I just realized I'd need a 2nd Roku for my bedroom but I think I'll just put a wifi Blue Ray player in there with those apps on it.  TV watching is minimal in my room.  But thank you.


----------



## merc669

And just reading in USA Today another alternative for those that want to dump cable. Again there is an initial investment but for some it might be a better way. Here are the links;

http://www.usatoday.com/story/tech/2015/03/22/cutting-the-cord-mohu-channels/70136074/

http://www.gomohu.com/


----------



## PJay

Contract with DirecTV ends today. Never again a contract!


----------



## sockgirl77

JeJeTe said:


> I just realized I'd need a 2nd Roku for my bedroom but I think I'll just put a wifi Blue Ray player in there with those apps on it.  TV watching is minimal in my room.  But thank you.



Almost picked up another Roku so my son could have one in his room. Found out that his PS3 can stream the channels as well. Score!


----------



## glhs837

sockgirl77 said:


> Almost picked up another Roku so my son could have one in his room. Found out that his PS3 can stream the channels as well. Score!





And really, the PS3 interface for Netflix kicks ass on the Roku interface. Much easier to use.


----------



## Hannibal

As an avid PS3 fan, many people are sleeping on what it offers.  Even if you're not a fan of video games, it's BluRay player has widely been considered one of the better options on the market.  Granted, this was probably 18-24 months ago so I don't know what's available currently.  But, in owning a large screen TV and with being a fan of movies, I certainly am happy with it's picture (and sound quality).

You can download apps for most (if not all) streaming services.  I routinely use Amazon's streaming service.  I occasionally use Netflix as well.  Both play nicely. 

Music channels and internet browsing are all available.  I believe you can even set up a camera so you can Skype (video conference) as well.  

When my PS3 stopped playing games, I put it up in our bedroom in order to use it's "smart" features with an older TV.  Gave me access to all of the above noted features where before I simply had a DVD player hooked up.  Quite a nice change.

Of course, I had to go get a newer/slimmer PS3 to put back in the mancave.  I couldn't miss too many days of COD or I'd slip in the rankings ;-)


----------



## Misfit

glhs837 said:


> And really, the PS3 interface for Netflix kicks ass on the Roku interface. Much easier to use.
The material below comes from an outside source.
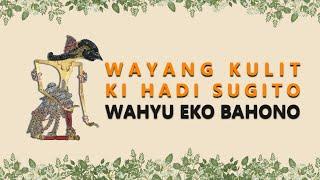 Pagelaran Wayang Ki Hadi Sugito - Wahyu Eko Bawono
The Wii was being stupid this weekend so I streamed through the PS4, which I usually only use for MLBtv and gaming. I have to say I started to like it.


----------



## SamSpade

You know, as we get more and more alternatives to cable, I'm still faced with a big challenge - and that's getting all that content out to all the TVs in my house.

It wouldn't have been my choice, but - we have 6 TV's in the house. Granted, a few of them are located in places like the kitchen, the porch, the downstairs office - they really don't get as much attention as the others. But cutting the cord does mean attaching cord-cutting type technology to all of them.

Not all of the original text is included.